Jason: Remember when people were content to be unambitious? Sleep til 11, just hang out with their friends? And have no occupation whatsoever, maybe working a couple hours a week at a coffee shop?

Donnie: I thought that died out a long time ago.

Jason: Not in Portland. Portland is the city where young people go to retire.

Being a millennial means never being able to retire, but certainly not when we’re young. But yet we still remember the 90s, when it was apparently possible to do both. It’s a foggy, dreamlike remembrance, but maybe that’s appropriate. The 90s seem close enough to touch, until you do, and the dream turns nightmarish. Inevitably, you’re left fending off ghouls screeching about your entitlement.

A lot has changed since that fateful decade, and it just takes a little math to show. I am sorry in advance, because many of us have faced this horrible calculus many times. But it’s important we walk down this road together, and imagine what it would take to live as Amanda Palmer or the Portlandians did.

I figured I could make $1500 a month busking. That’d be great. Of course, that’d only be in the summer. I do live in Canada, after all. But let’s pretend that’s not a problem. And let’s assume I take all this money under the table, as is tradition as a busker.

Let’s consider expenses. If my rent was $500 a month (which is a big if), could I live on just another $1000 a month? Not with a car, nor with the hope of ever discharging student debt. I might have to bump up the total budget another $500, to $2000 a month.

But that’s — well, that’s a $35,000 a year job. They don’t exactly hand those out. That’s not a retail job, and certainly not a coffee shop job.

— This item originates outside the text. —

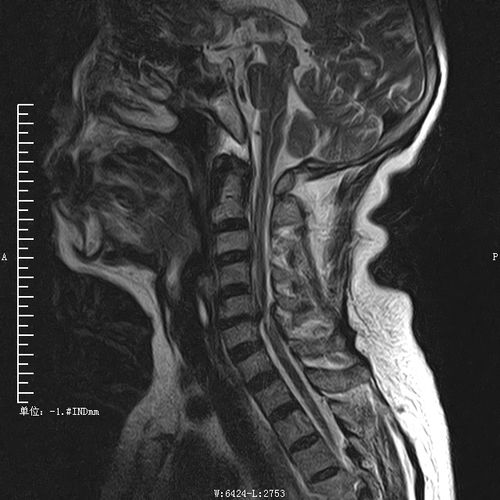 患者颈椎核磁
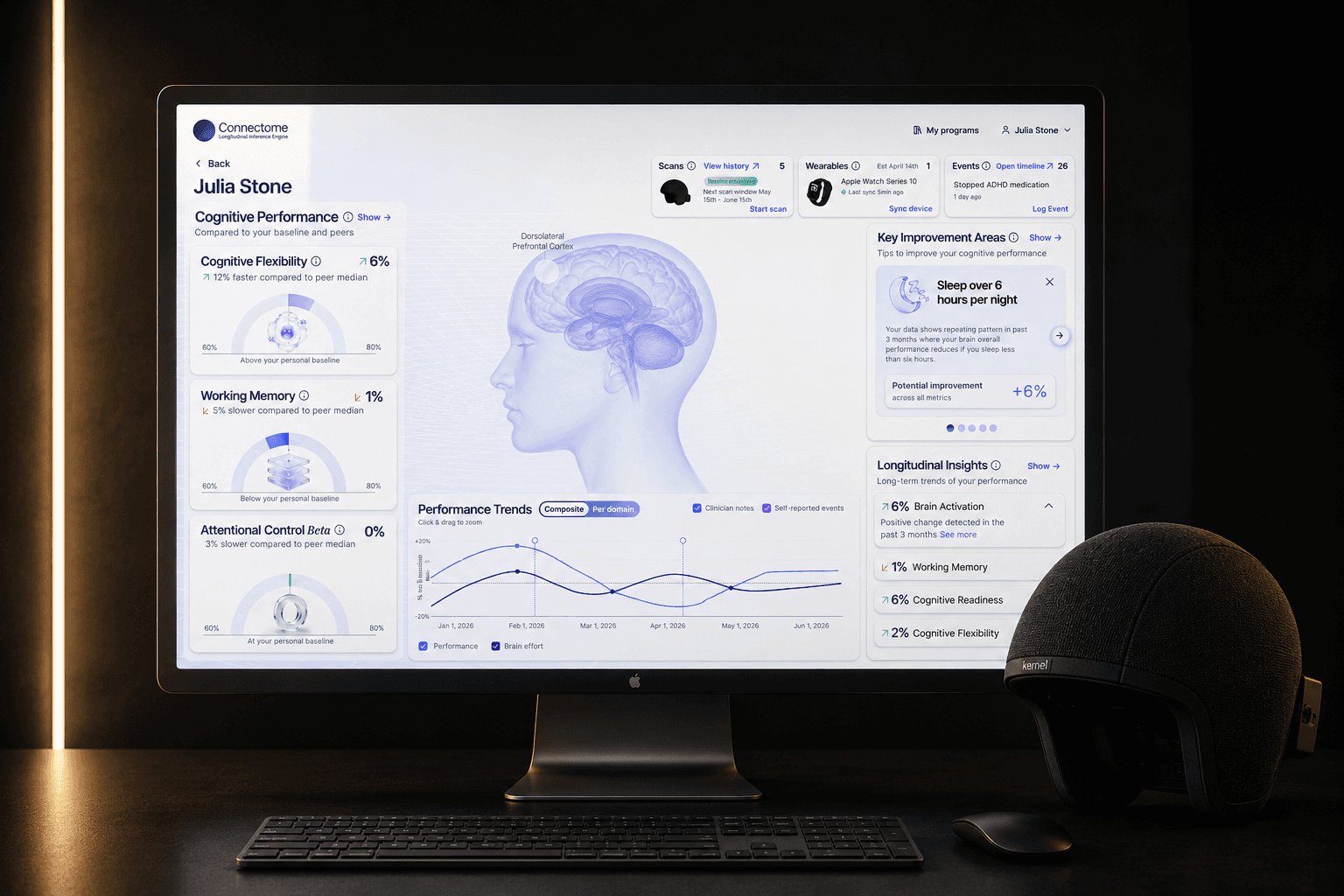 Connectome — cognitive intelligence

It seems that I got really lucky by getting good at fiddle, and I still could barely cut it. Everyone else, apparently, would have to be come a white-collar worker to live with equal thrift as Amanda Palmer did in the 90s.

But if you’re working 9-5 just to live with 3 other people, what space do you have to make the art that she did? To find something in life worth doing other than just surviving? The answer, I’m discovering, is “not much.”

My dad encouraged my fiddle playing so that I could make ends meet if I needed to. I kept my side of the bargain up, and got good enough to earn as much as any busker can.

The rest of the world changed. Now, when we practice the art of asking, we do so in order to survive. Our hands are always outstretched. And I’m sick of it.